1851 Londra fuarını detaylı bir biçimde inceleyen, 1852 yılında Nash Joseph, Haghe Louis ve Roberts David tarafından yazılan Dickinsons' Comprehensive Pictures Of The Great Exhibition of 1851 kitabı, içeriği ve görselleri ile dünya fuarlarının temsildeki yerini vurgular niteliktedir. Kitapta, Türkiye’nin sergisi ile ilgili notlar ve görseller bulunmaktadır. Nash ve diğerleri (1852), kitapta “Batı”nın gözünden, Türklerin davranış ve geleneklerinin onlarla olan farklılıklarından, kıyafetlerinden, eğitime olan yaklaşımlarından ve sergideki ürünlerinden şu şekilde bahsetmektedirler:

“Türklerin tavırları ve gelenekleri bizimkilerle o kadar zıttır ki, serginin kuzey doğu kısmında bulunan ve bab-ı ali’nin buyruğu üzerine oluşturulan sergideki oldukça değişik katkıları, çok sayıda ziyaretçi tarafından ilgi ve merak ile incelenmiştir... Türklerin göreneklerinin bizimkilerle olan farkları değişik şekillerde örneklenebilir. Bizim çabuk davranmak için planlanmış kısa ve kapalı kıyafetlerimiz, onların gözünde itibar ve tevazu istemektedirler. Onların kadınlarının milli kıyafeti sarık haricinde gevşek ve dökümlüdür ve erkeklerinkinden çok az farklıdır. Sarığın rengi ve biçimi insanların rütbelerini ve devlet memurlarının işlevlerini ayırt etme görevini görmektedir... Son zamanlarda, Constantinople’da diğer Avrupa ülkelerinin kıyafet ve tavırlarını taklit etmek moda haline gelmiştir... Türk kadını genel olarak fazlaca cahildir çünkü kızlar için eğitim gerekli görülmemektedir. Erkekler öğrenmeyi tamamen ihmal etmese de genel olarak cahil kabul edilmelidirler. Bu cehalet

(29)

karakterleri üzerinde büyük bir etkiye sahiptir: fazlaca kibirli ve zevk düşkünüdürler... Eskizde görüldüğü şekilde Türklerin tavır ve karakteri, Osmanlı İmparatorluğu’nun sergiye olan katkılarını inceleyenler tarafından göz önünde bulundurulmalıdır...” (Nash ve diğerleri, 1852, s.105) (Şekil 4 ve 5)

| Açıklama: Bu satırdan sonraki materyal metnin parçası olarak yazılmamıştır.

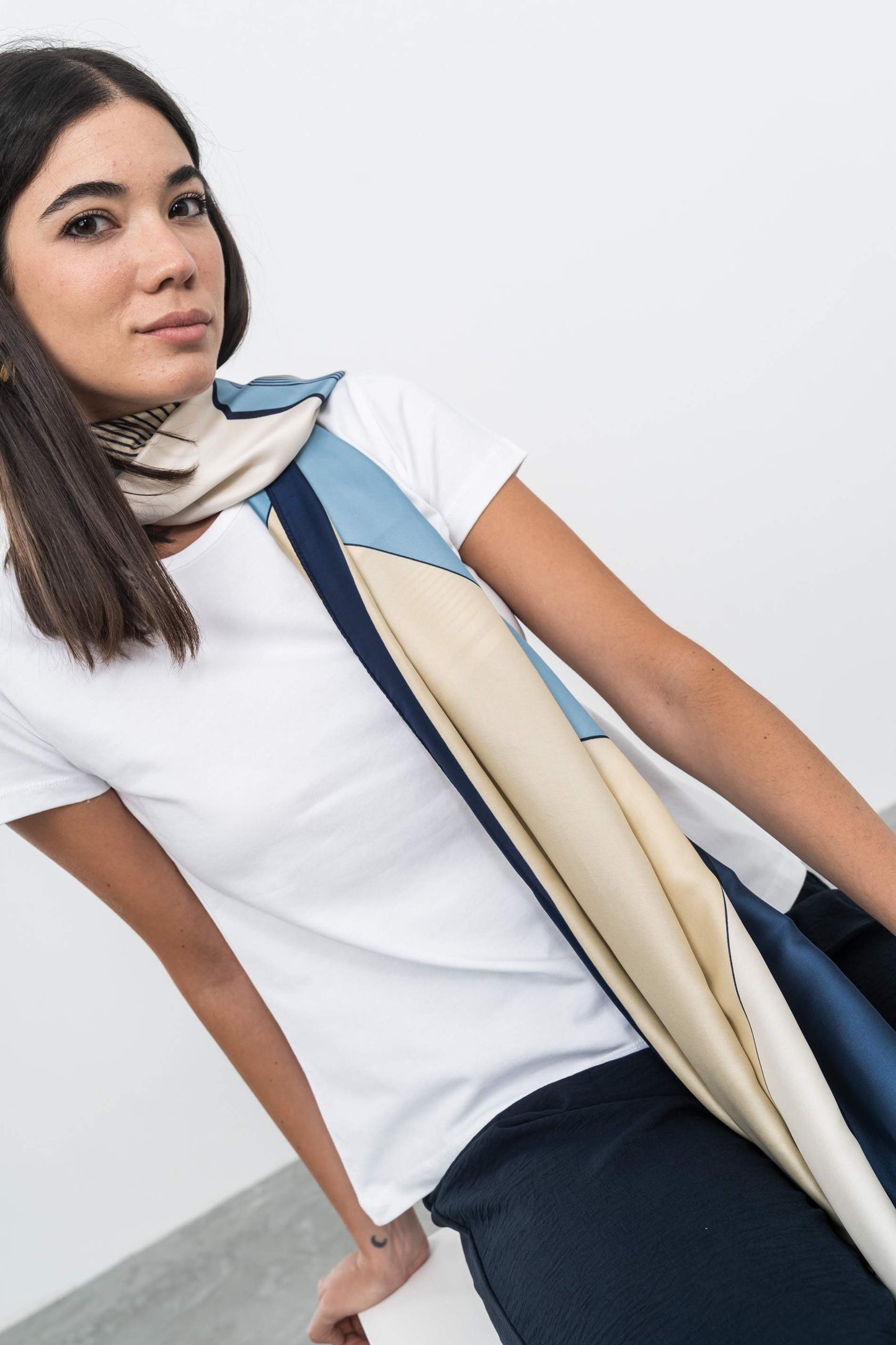 FOULARD EFECTO SEDA GEOMETRICOS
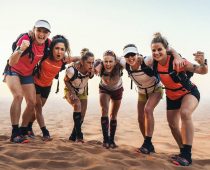 Coast to Coast :  7 Femmes traversent le Désert en courant de Dubaï à Oman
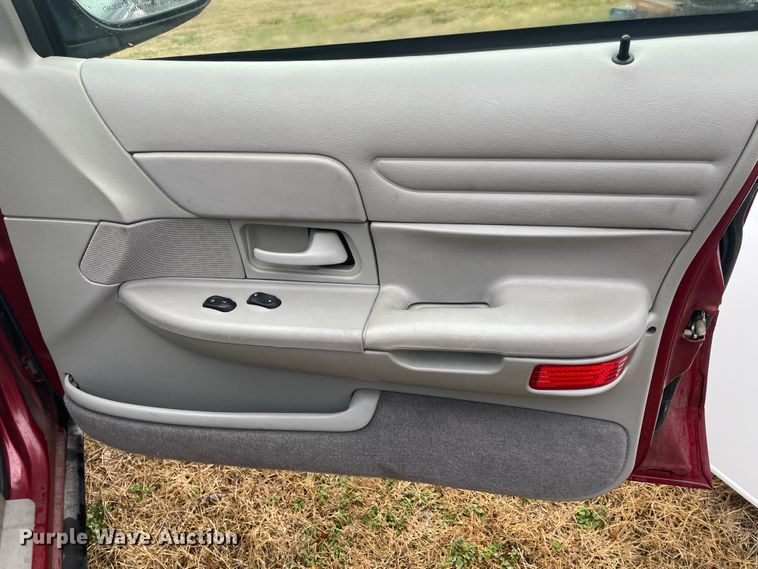 image for item II9298 2001 Ford Crown Victoria Police Interceptor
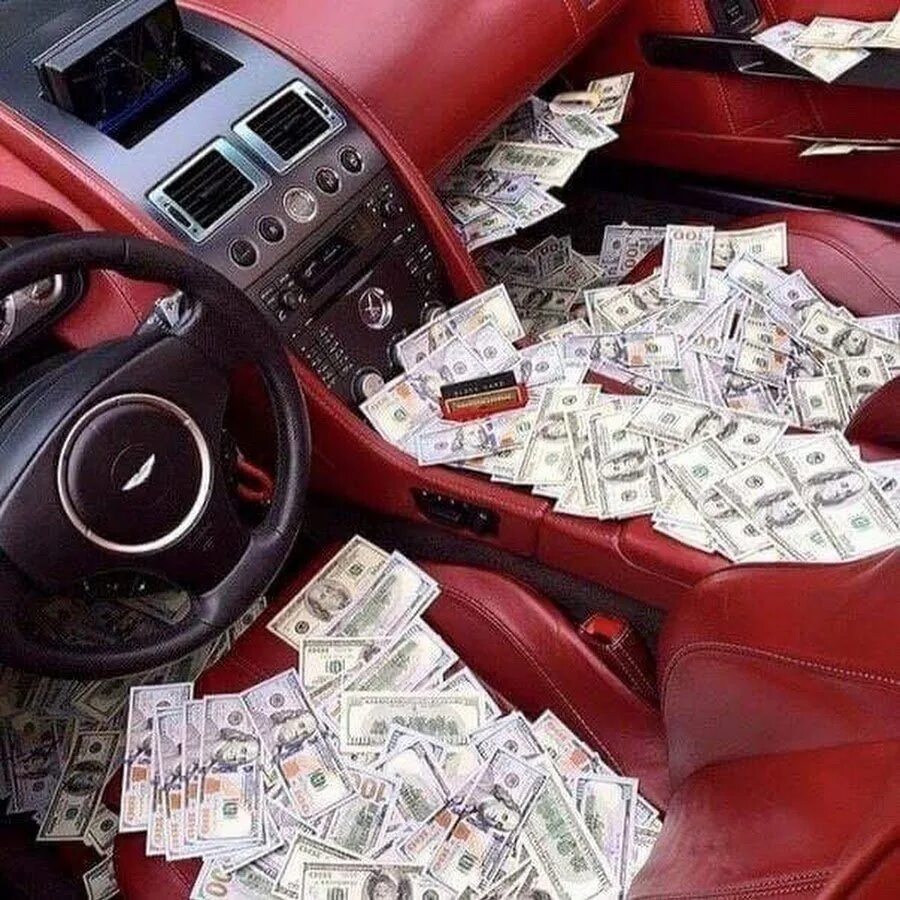 Автомобиль много денег. Деньги в машине. Деньги шикарные машины. Деньги Тачки. Дорогие Тачки и деньги.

“Turkish manners and customs are so completely opposite to our own, that the bay at the North East Angle of the Exhibition, where the collection formed by order of the Sublime Porte was displayed, attracted large numbers of the visitors, who inspected the highly interesting contributions with great interest and curiosity…We have stated that Turkish usages differ very much from our own, and this is exemplified in various ways. Our close and short dresses, calculated for promptitude of action, appear in their eyes to be wanting both in dignity and modesty. Their national dress is loose and flowing: that of the women, with the exception of the turban, differing but slightly from that of the men. The shape and colour of the turban serves to distinguish the different orders and ranks of the people and the functions of public officers…Latterly, it has become fashionable at Constantinople to imitate the dress and manners of other European nations…The Turkish women are in general excessively ignorant, for education is not considered necessary for a girl; and even the men, though they do not universally neglect learning, must be regarded as an illiterate people. This ignorance has a very great effect on their character and dispositions, in which two great faults are always to be traced: they are excessively proud and excessively sensual…The above sketch of Turkish manners and character, which must be taken into consideration by those who examine the contributions which were made by the Ottoman Empire to the Exhibition…” (Nash ve diğerleri, 1852, s.105)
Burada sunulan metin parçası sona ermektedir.